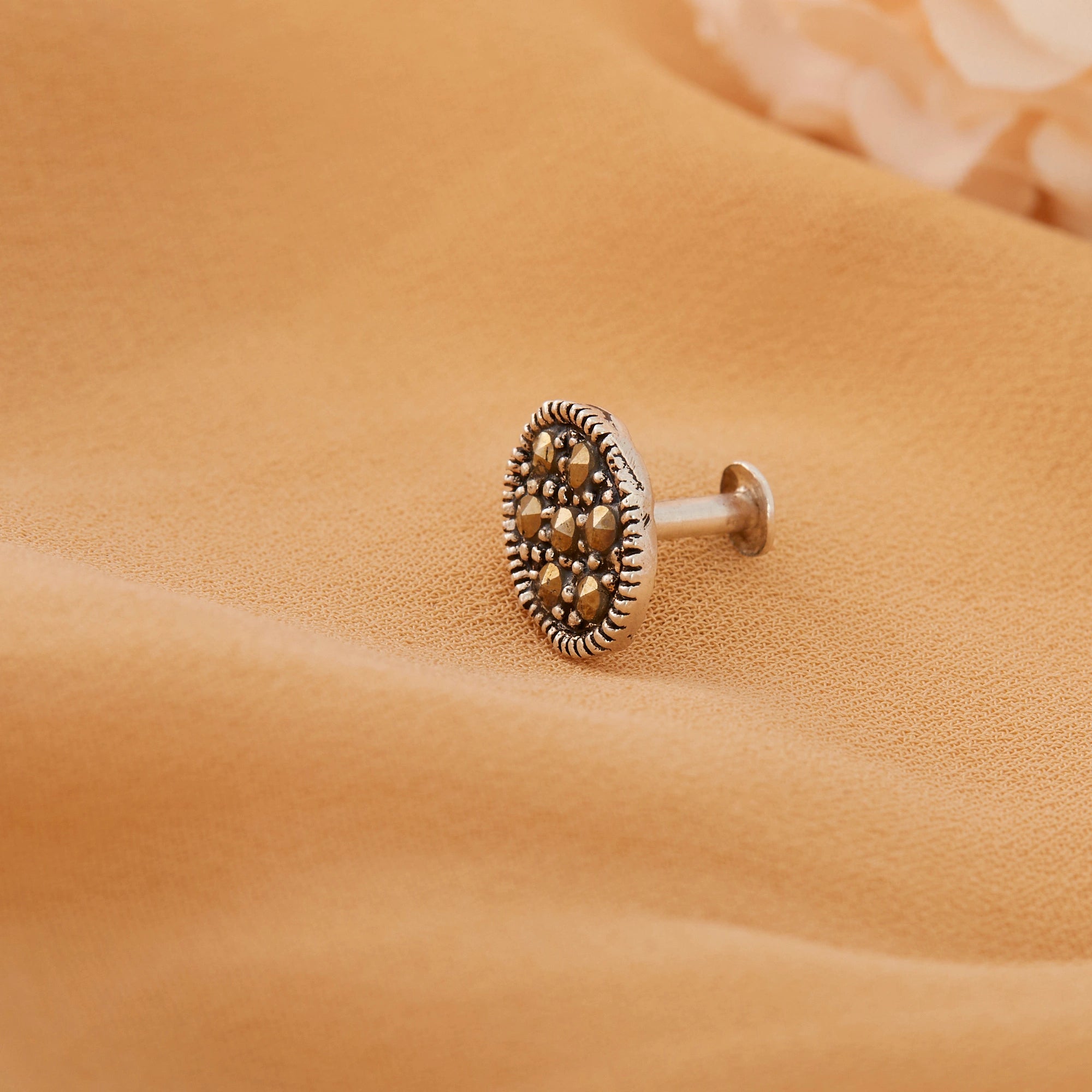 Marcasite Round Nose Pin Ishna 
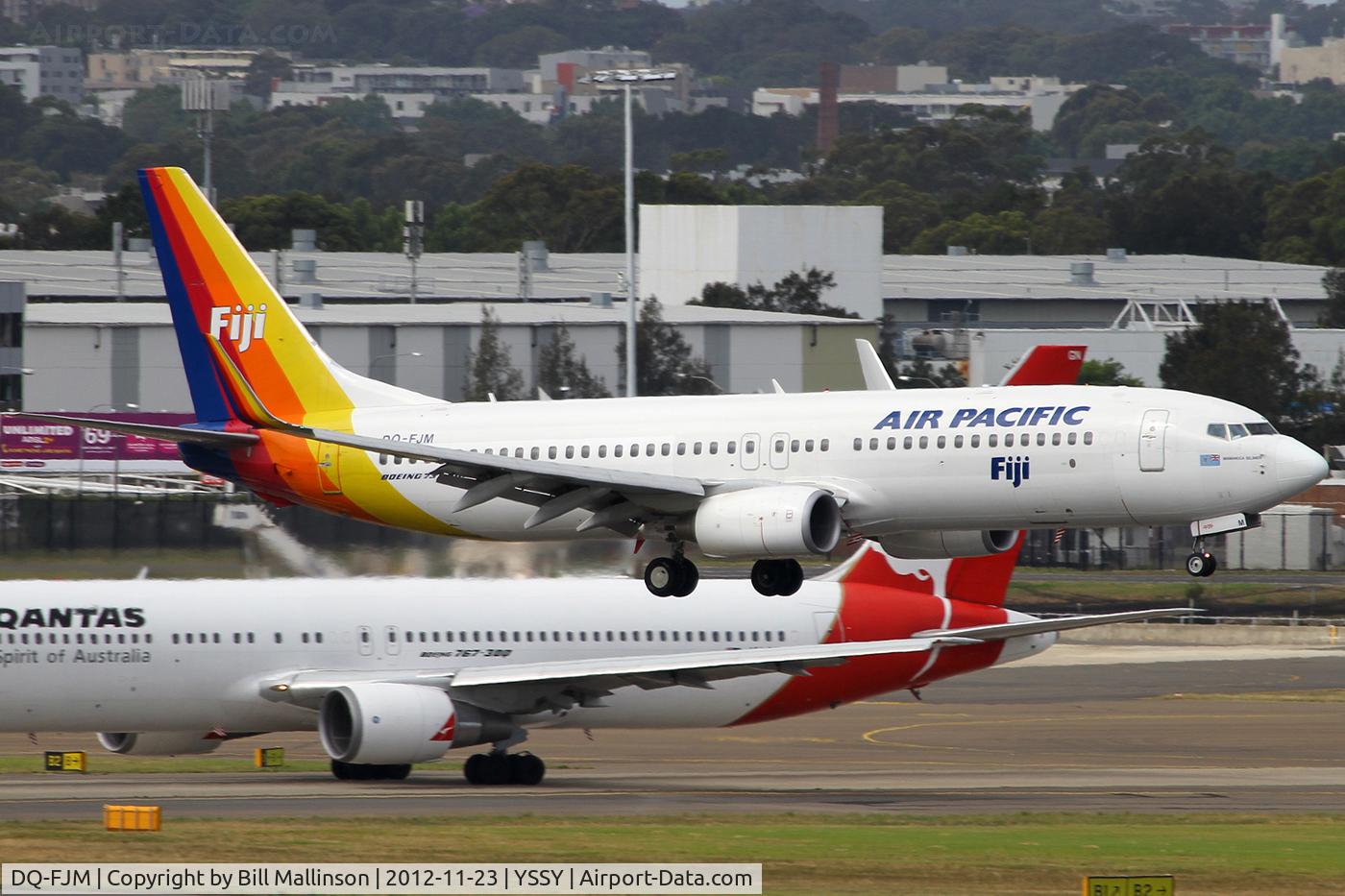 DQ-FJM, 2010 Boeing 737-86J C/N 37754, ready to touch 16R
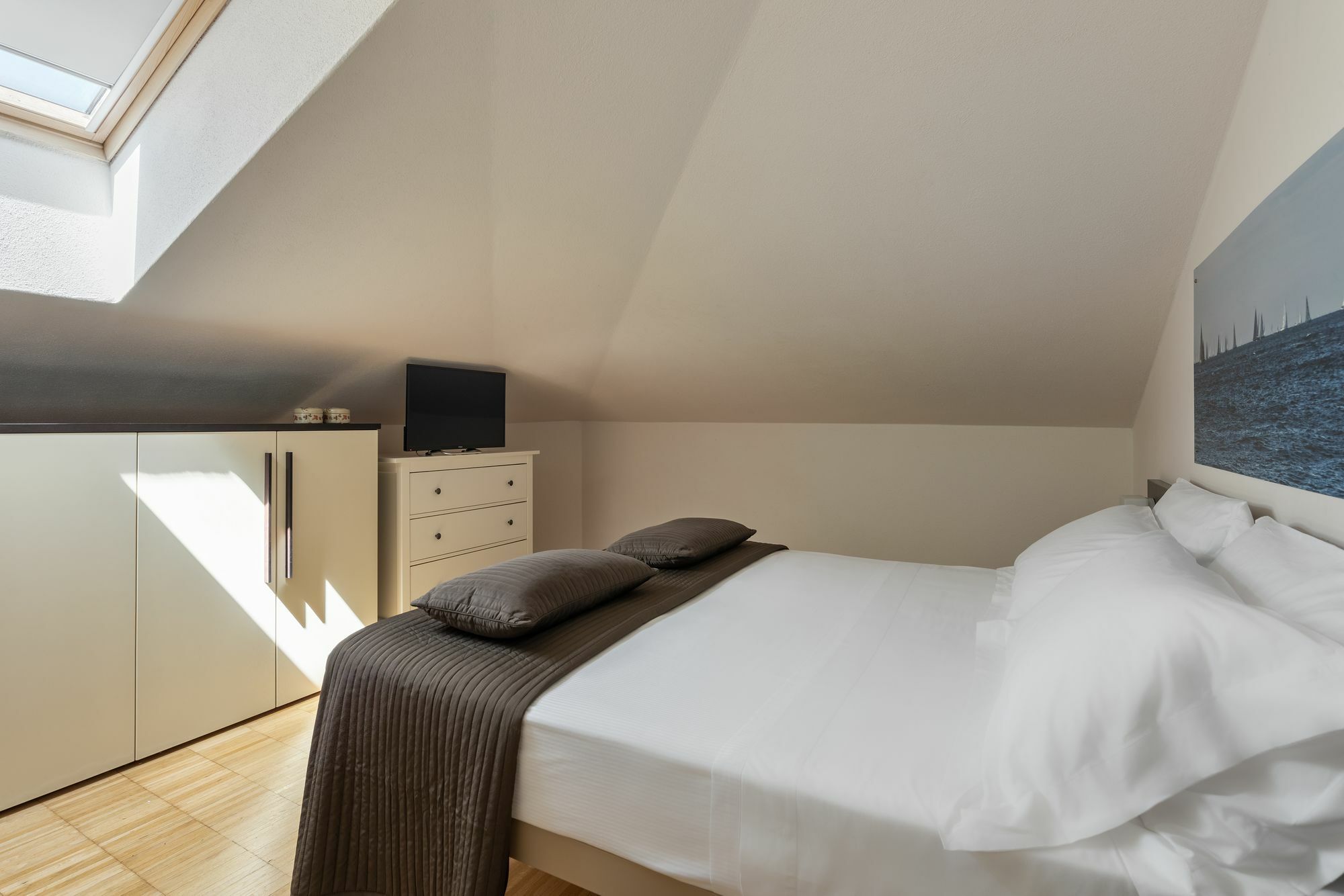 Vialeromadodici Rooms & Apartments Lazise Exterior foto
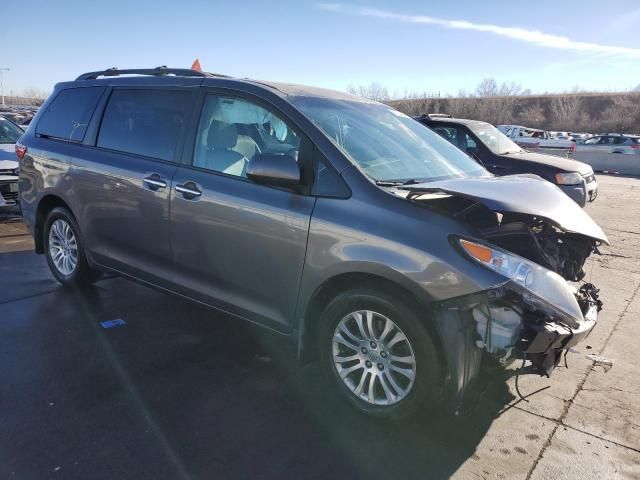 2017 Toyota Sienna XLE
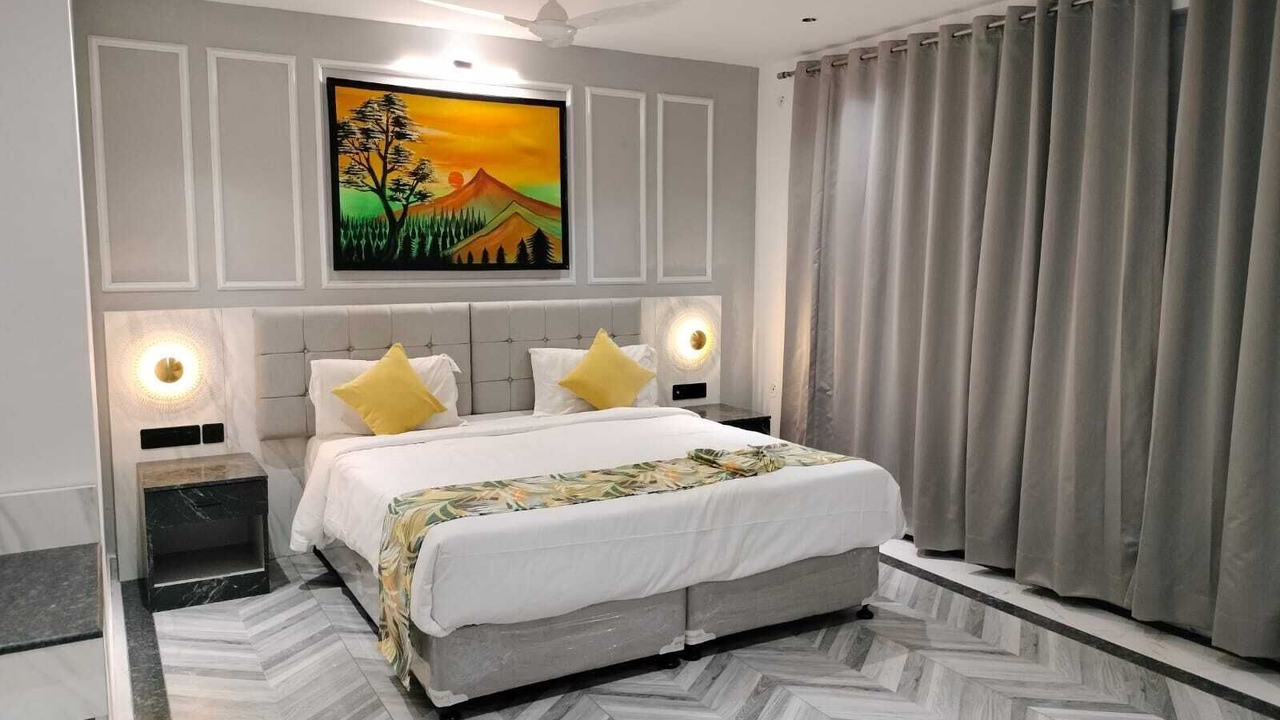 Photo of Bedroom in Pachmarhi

-- EXERCISE BRIEF --
Your copy should match the listing exactly, apart from the pictures it leaves out.

-- EXERCISE OUTPUT --
 Marcasite Round Nose Pin Ishna 
 DQ-FJM, 2010 Boeing 737-86J C/N 37754, ready to touch 16R
 Vialeromadodici Rooms & Apartments Lazise Exterior foto
 2017 Toyota Sienna XLE
 Photo of Bedroom in Pachmarhi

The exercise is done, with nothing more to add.